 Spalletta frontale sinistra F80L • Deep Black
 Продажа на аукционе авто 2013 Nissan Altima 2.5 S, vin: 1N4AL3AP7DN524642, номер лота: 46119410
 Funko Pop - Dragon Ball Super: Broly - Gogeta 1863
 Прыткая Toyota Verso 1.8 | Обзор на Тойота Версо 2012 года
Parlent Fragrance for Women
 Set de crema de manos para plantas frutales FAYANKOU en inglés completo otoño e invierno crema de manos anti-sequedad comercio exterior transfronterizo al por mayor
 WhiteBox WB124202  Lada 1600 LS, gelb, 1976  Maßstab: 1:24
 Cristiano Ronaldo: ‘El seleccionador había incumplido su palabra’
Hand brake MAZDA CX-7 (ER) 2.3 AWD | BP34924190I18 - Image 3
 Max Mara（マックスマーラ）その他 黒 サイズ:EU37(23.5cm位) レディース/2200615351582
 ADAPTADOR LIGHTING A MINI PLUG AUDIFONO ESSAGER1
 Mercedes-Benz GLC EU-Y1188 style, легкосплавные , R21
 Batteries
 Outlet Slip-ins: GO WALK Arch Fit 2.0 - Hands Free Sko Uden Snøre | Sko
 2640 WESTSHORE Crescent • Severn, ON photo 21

* * *

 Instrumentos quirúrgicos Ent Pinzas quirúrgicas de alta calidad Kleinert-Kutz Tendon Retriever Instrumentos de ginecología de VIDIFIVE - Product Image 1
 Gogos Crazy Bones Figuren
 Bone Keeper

WHAT YOU SHOULD DO => Would you retype the lines above from the one with "Продажа на аукционе" down to the one with "2640 WESTSHORE Crescent", word for word, both ends included and no other lines?

RESULT BELOW =>
 Продажа на аукционе авто 2013 Nissan Altima 2.5 S, vin: 1N4AL3AP7DN524642, номер лота: 46119410
 Funko Pop - Dragon Ball Super: Broly - Gogeta 1863
 Прыткая Toyota Verso 1.8 | Обзор на Тойота Версо 2012 года
Parlent Fragrance for Women
 Set de crema de manos para plantas frutales FAYANKOU en inglés completo otoño e invierno crema de manos anti-sequedad comercio exterior transfronterizo al por mayor
 WhiteBox WB124202  Lada 1600 LS, gelb, 1976  Maßstab: 1:24
 Cristiano Ronaldo: ‘El seleccionador había incumplido su palabra’
Hand brake MAZDA CX-7 (ER) 2.3 AWD | BP34924190I18 - Image 3
 Max Mara（マックスマーラ）その他 黒 サイズ:EU37(23.5cm位) レディース/2200615351582
 ADAPTADOR LIGHTING A MINI PLUG AUDIFONO ESSAGER1
 Mercedes-Benz GLC EU-Y1188 style, легкосплавные , R21
 Batteries
 Outlet Slip-ins: GO WALK Arch Fit 2.0 - Hands Free Sko Uden Snøre | Sko
 2640 WESTSHORE Crescent • Severn, ON photo 21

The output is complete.